> _DATA SEGMENT_
● ● ● ● ● ● ●

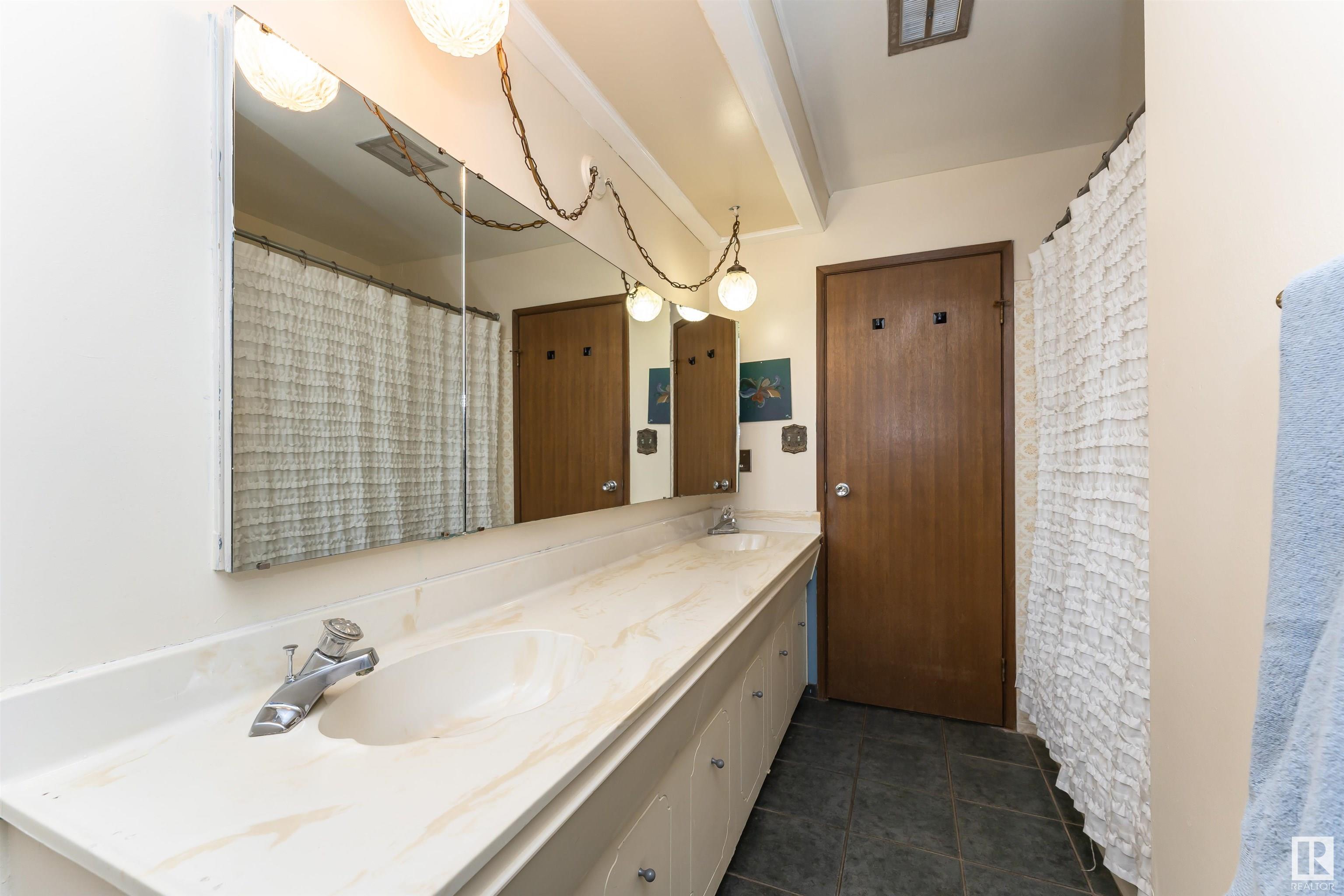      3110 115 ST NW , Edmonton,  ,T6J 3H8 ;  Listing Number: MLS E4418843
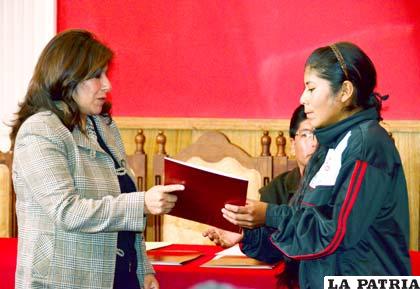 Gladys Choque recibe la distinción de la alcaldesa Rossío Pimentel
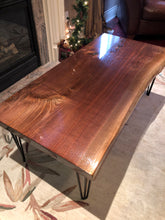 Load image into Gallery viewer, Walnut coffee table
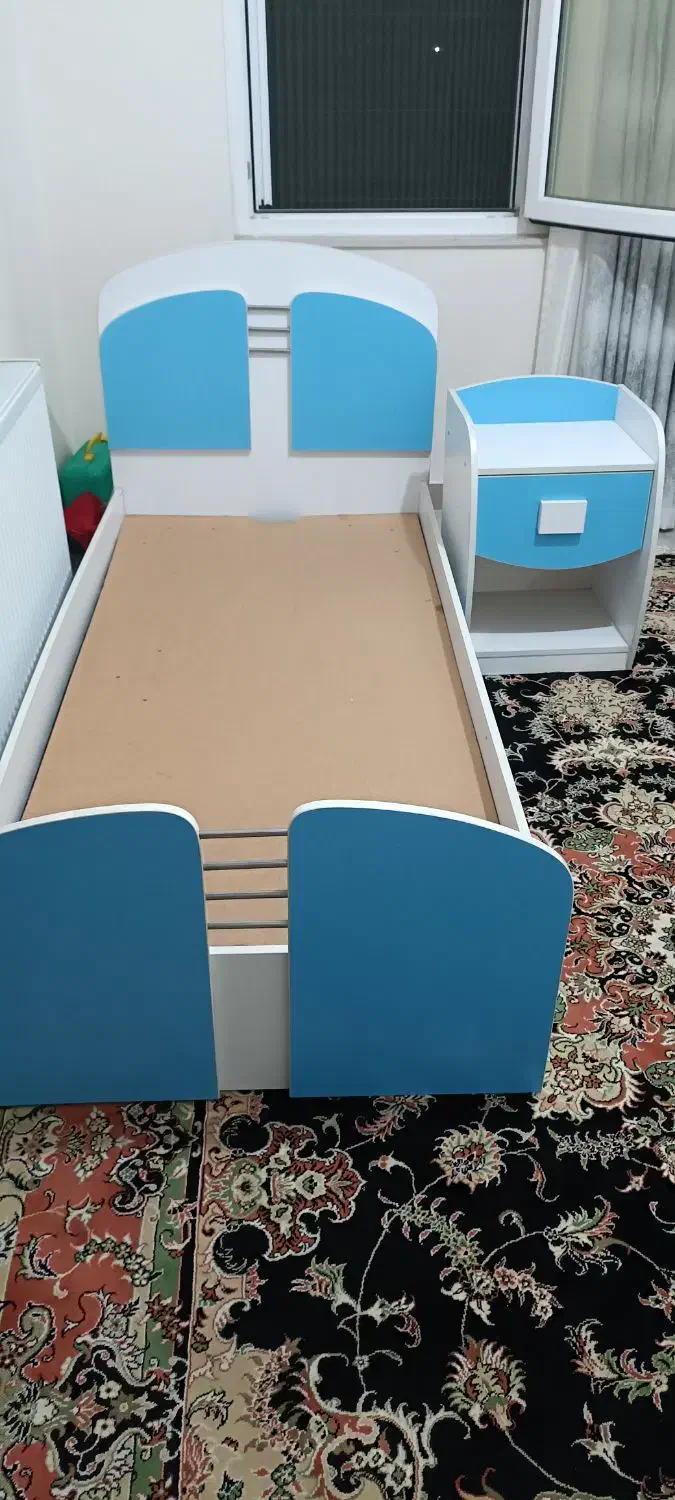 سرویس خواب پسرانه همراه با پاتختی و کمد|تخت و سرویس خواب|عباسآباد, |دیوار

● ● ● ● ● ● ●

Exclude all pictures and return precisely the lines from the one containing "Load image into" through the closing line of the data.

 Load image into Gallery viewer, Walnut coffee table
 سرویس خواب پسرانه همراه با پاتختی و کمد|تخت و سرویس خواب|عباسآباد, |دیوار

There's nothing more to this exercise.